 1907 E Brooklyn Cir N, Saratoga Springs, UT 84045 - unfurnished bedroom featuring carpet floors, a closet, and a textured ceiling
• • • • • • •
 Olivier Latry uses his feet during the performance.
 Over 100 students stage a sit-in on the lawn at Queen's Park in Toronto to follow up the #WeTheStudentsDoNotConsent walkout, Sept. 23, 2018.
• • • • • • •
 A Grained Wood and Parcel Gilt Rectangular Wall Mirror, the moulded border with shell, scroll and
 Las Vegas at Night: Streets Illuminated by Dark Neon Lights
• • • • • • •
→ **WHAT TO DO**
Within the listing above, give again exactly every line from the line with "A Grained Wood" through the line with "Las Vegas at", both included, and no other line.

→ **EXERCISE ANSWER**
 A Grained Wood and Parcel Gilt Rectangular Wall Mirror, the moulded border with shell, scroll and
 Las Vegas at Night: Streets Illuminated by Dark Neon Lights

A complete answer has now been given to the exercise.